◆ Exercise brief: Beginning at the line containing "헌법에 대한 정리 60페이지", print every line until the records end, keeping each exactly as it is.

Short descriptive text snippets
= Beginning of Section =

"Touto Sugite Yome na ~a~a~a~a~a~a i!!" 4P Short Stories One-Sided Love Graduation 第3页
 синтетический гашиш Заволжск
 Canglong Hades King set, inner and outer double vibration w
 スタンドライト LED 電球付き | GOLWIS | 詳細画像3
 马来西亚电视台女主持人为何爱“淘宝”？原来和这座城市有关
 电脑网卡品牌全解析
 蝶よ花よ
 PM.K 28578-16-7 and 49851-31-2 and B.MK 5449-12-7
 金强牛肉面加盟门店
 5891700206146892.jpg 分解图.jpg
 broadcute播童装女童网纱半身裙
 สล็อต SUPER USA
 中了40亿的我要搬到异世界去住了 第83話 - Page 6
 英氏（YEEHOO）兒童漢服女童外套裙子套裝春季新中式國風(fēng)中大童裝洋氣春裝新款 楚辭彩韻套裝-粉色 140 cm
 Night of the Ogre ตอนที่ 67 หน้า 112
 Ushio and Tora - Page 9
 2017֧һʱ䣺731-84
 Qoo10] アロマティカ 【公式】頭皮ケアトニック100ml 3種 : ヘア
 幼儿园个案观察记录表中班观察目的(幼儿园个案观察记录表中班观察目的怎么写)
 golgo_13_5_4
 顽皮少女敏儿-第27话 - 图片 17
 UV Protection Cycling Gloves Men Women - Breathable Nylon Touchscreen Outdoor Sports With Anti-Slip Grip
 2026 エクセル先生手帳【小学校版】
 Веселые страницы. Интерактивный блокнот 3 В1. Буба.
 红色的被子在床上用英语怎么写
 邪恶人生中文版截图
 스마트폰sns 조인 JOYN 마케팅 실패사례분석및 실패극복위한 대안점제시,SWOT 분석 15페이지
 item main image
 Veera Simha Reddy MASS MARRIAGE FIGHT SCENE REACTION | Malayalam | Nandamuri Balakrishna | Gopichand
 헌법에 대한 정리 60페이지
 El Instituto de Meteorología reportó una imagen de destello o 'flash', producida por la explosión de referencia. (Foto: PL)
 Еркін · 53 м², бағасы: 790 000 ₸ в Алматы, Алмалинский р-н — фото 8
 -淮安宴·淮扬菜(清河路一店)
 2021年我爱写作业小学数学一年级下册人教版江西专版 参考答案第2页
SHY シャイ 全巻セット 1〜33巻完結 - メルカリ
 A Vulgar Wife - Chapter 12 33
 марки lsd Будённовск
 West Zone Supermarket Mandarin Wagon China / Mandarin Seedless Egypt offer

= End of Section =

◆ Exercise output:
 헌법에 대한 정리 60페이지
 El Instituto de Meteorología reportó una imagen de destello o 'flash', producida por la explosión de referencia. (Foto: PL)
 Еркін · 53 м², бағасы: 790 000 ₸ в Алматы, Алмалинский р-н — фото 8
 -淮安宴·淮扬菜(清河路一店)
 2021年我爱写作业小学数学一年级下册人教版江西专版 参考答案第2页
SHY シャイ 全巻セット 1〜33巻完結 - メルカリ
 A Vulgar Wife - Chapter 12 33
 марки lsd Будённовск
 West Zone Supermarket Mandarin Wagon China / Mandarin Seedless Egypt offer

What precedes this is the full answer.